When I run the test script (Note I’m using a Discovery board, not a Nucleo board),
$ cd ~/STM32Toolchain/openocd/scripts
$ ../bin/openocd -f board/stm32f4discovery.cfg
I get the following error:
…
Error: open failed
in procedure ‘init’
in procedure ‘ocd_bouncer’
A dialog window appears and then disappears quickly saying that OpenOCD is not allowed to make connections.
I checked the Firewall settings in the Security & Privacy panel, but OpenOCD is already set to “Allow incoming connections”.
Any suggestions? I’m just starting with STM32 and like the book thus far. I don’t know how important OpenOCD is for the whole development process, but I would like to use it.
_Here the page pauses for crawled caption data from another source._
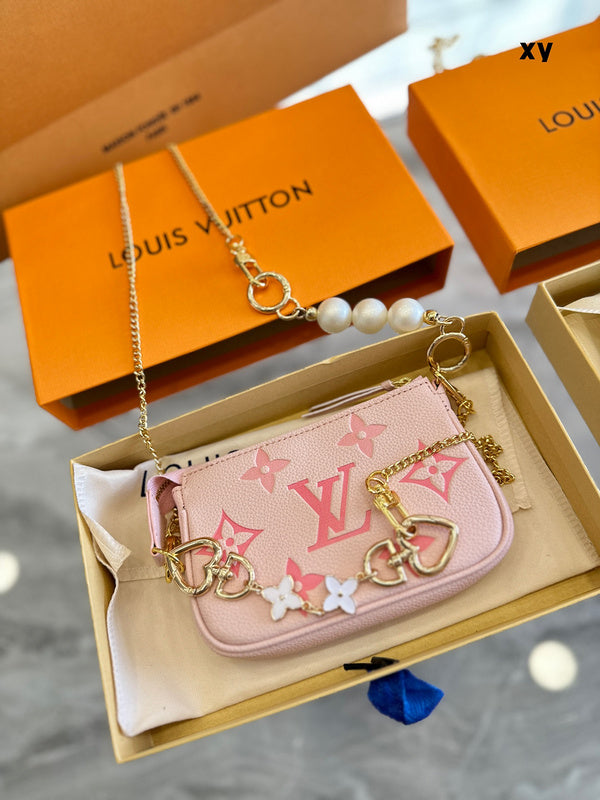 Satchel Bags - VL2 Bags - 167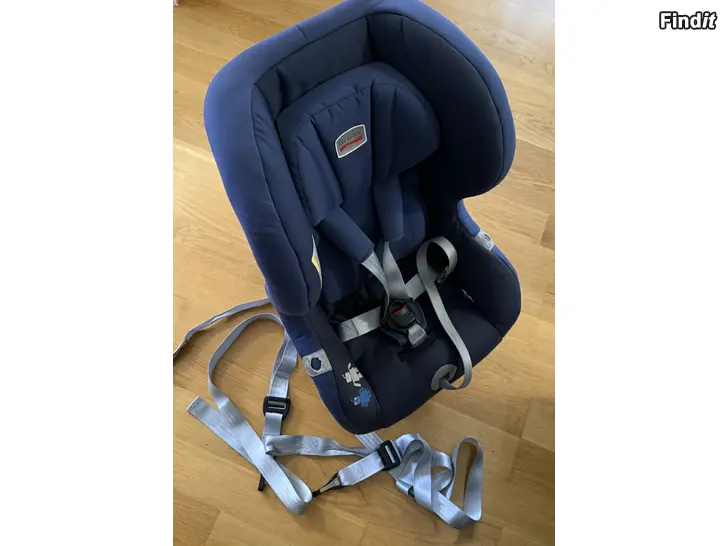 Säljes Britax bilbarnstol bakåtvänd 925 kg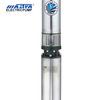 MASTRA 6 polegadas Submersible Pump Dealers R150-DS Melhor bomba submersa submersível de profundidade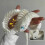 Three Dimensional Printed Snake Hand Toy with Fully Movable Joints Realistic Plastic Decorative Figurine 2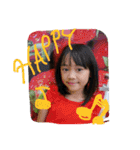 happy voice（個別スタンプ：9）
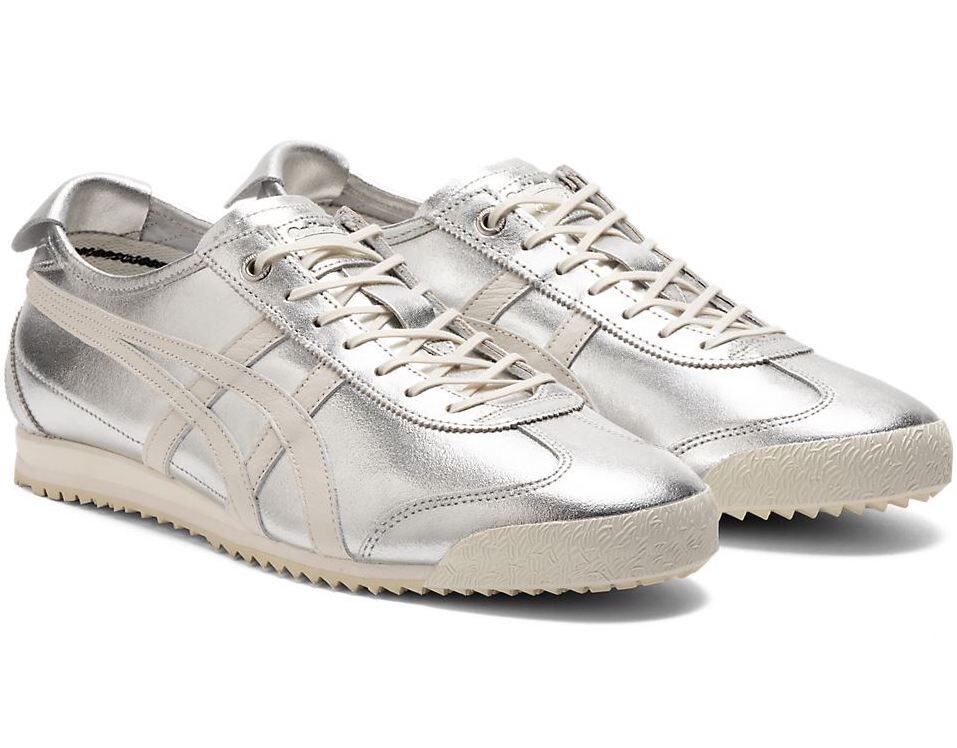 Onitsuka Tiger MEXICO 66 SD 銀色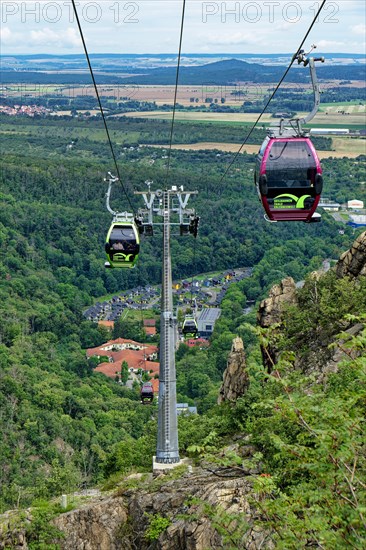 Cable car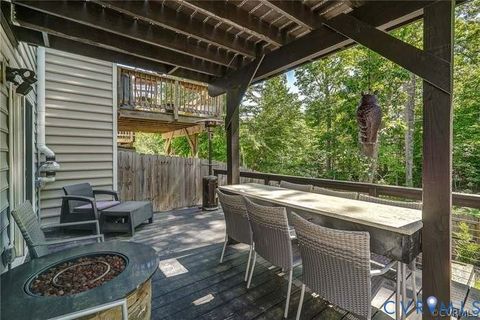 Tiny photo for 441 CreekWillow Drive, Midlothian, VA 23113 (MLS # 2605898)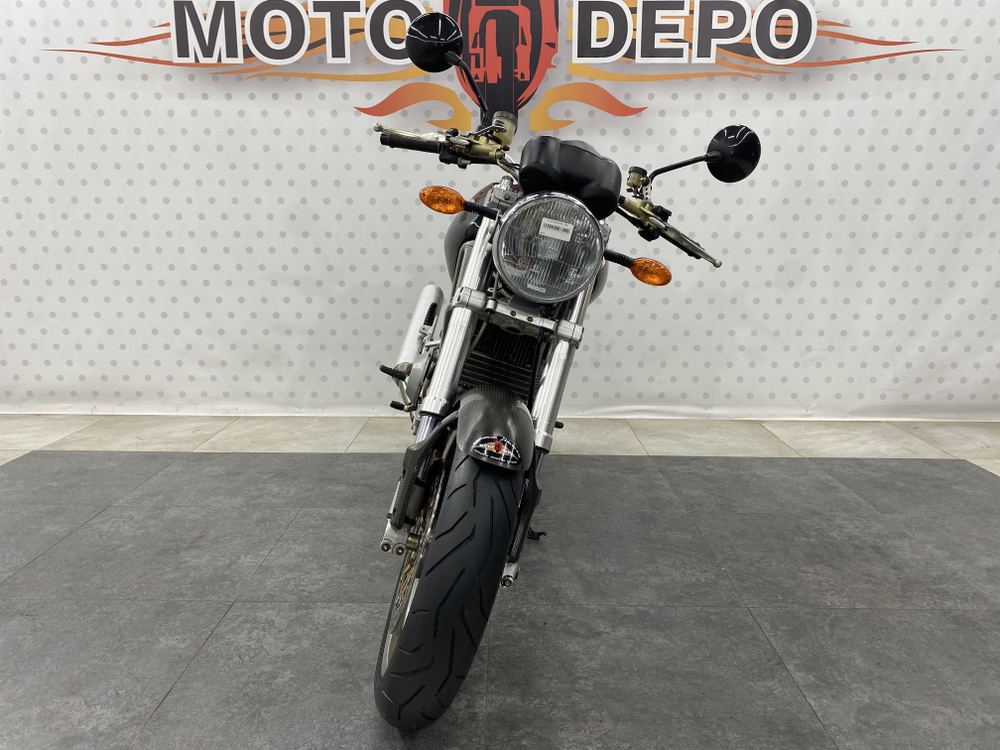 Ducati Monster 900 , 2002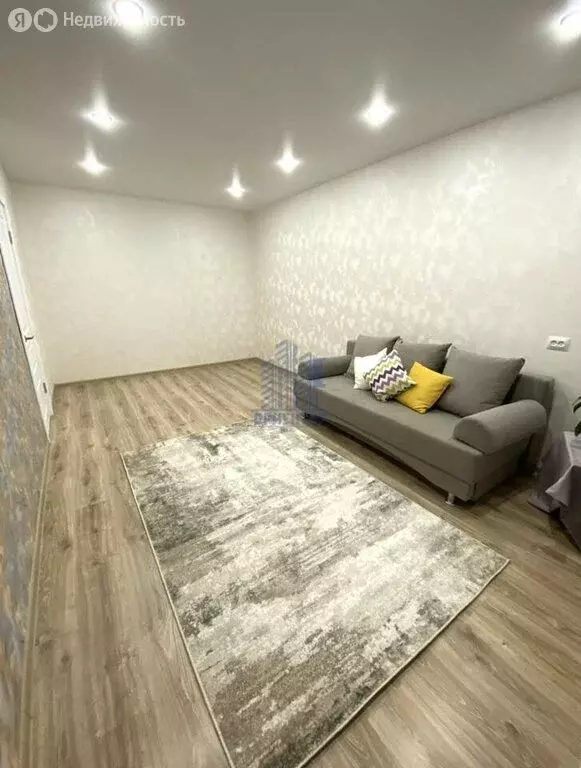 1-комнатная квартира: Чебоксары, Пролетарская улица, 5 (36 м) - Фото 1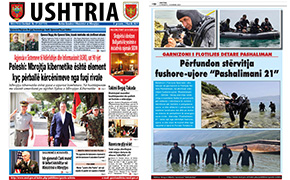 ushtria 020721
For reference, I’m running macOS 11.14 (Mojave). Everything else is exactly as recommended in the book.
The solution turned out to be rather simple. It required a small change to the first line of the stm32f4discovery.cfg file.
The original line was the following:
source [find interface/stlink-v2.cfg]
I was using a Discovery board with a newer version of ST-LINK, so it required the following line:
source [find interface/stlink-v2-1.cfg]
The clue came from comparing the macOS System Report with the 60-openocd.rules file.
The Mac saw the Discovery board as follows:
STM32 STLink:
Product ID: 0x374b
Vendor ID: 0x0483 (STMicroelectronics)
This matched the definition of STLink v2-1 in the 60-openocd.rules file:
# STLink v2-1
ATTRS{idVendor}==”0483″, ATTRS{idProduct}==”374b”, MODE=”666″
So, while macOS doesn’t use udev and the *.rules file, the latter was still helpful in diagnosing the problem.